Source material:

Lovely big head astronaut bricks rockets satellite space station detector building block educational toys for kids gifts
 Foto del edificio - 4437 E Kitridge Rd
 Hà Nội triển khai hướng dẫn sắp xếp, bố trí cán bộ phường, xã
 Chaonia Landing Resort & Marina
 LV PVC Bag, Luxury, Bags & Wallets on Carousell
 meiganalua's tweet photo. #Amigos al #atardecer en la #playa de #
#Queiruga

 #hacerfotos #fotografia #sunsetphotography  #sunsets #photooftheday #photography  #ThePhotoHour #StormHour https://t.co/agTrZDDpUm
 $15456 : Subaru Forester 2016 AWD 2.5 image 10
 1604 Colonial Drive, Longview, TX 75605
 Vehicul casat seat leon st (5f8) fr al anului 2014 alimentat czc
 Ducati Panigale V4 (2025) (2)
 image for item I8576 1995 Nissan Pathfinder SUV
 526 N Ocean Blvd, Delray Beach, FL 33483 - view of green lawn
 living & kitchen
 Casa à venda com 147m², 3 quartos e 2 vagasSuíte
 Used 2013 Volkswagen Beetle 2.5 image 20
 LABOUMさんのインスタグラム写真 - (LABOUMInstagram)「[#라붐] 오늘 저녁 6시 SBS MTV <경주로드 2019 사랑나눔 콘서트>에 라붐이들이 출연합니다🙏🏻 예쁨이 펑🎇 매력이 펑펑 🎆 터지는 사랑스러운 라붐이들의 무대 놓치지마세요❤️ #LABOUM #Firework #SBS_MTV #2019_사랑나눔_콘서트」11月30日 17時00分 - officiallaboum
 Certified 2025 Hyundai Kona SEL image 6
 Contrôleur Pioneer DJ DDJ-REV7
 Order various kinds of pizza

What you should do:
Retype the whole listing above exactly.

Response:
Lovely big head astronaut bricks rockets satellite space station detector building block educational toys for kids gifts
 Foto del edificio - 4437 E Kitridge Rd
 Hà Nội triển khai hướng dẫn sắp xếp, bố trí cán bộ phường, xã
 Chaonia Landing Resort & Marina
 LV PVC Bag, Luxury, Bags & Wallets on Carousell
 meiganalua's tweet photo. #Amigos al #atardecer en la #playa de #
#Queiruga

 #hacerfotos #fotografia #sunsetphotography  #sunsets #photooftheday #photography  #ThePhotoHour #StormHour https://t.co/agTrZDDpUm
 $15456 : Subaru Forester 2016 AWD 2.5 image 10
 1604 Colonial Drive, Longview, TX 75605
 Vehicul casat seat leon st (5f8) fr al anului 2014 alimentat czc
 Ducati Panigale V4 (2025) (2)
 image for item I8576 1995 Nissan Pathfinder SUV
 526 N Ocean Blvd, Delray Beach, FL 33483 - view of green lawn
 living & kitchen
 Casa à venda com 147m², 3 quartos e 2 vagasSuíte
 Used 2013 Volkswagen Beetle 2.5 image 20
 LABOUMさんのインスタグラム写真 - (LABOUMInstagram)「[#라붐] 오늘 저녁 6시 SBS MTV <경주로드 2019 사랑나눔 콘서트>에 라붐이들이 출연합니다🙏🏻 예쁨이 펑🎇 매력이 펑펑 🎆 터지는 사랑스러운 라붐이들의 무대 놓치지마세요❤️ #LABOUM #Firework #SBS_MTV #2019_사랑나눔_콘서트」11月30日 17時00分 - officiallaboum
 Certified 2025 Hyundai Kona SEL image 6
 Contrôleur Pioneer DJ DDJ-REV7
 Order various kinds of pizza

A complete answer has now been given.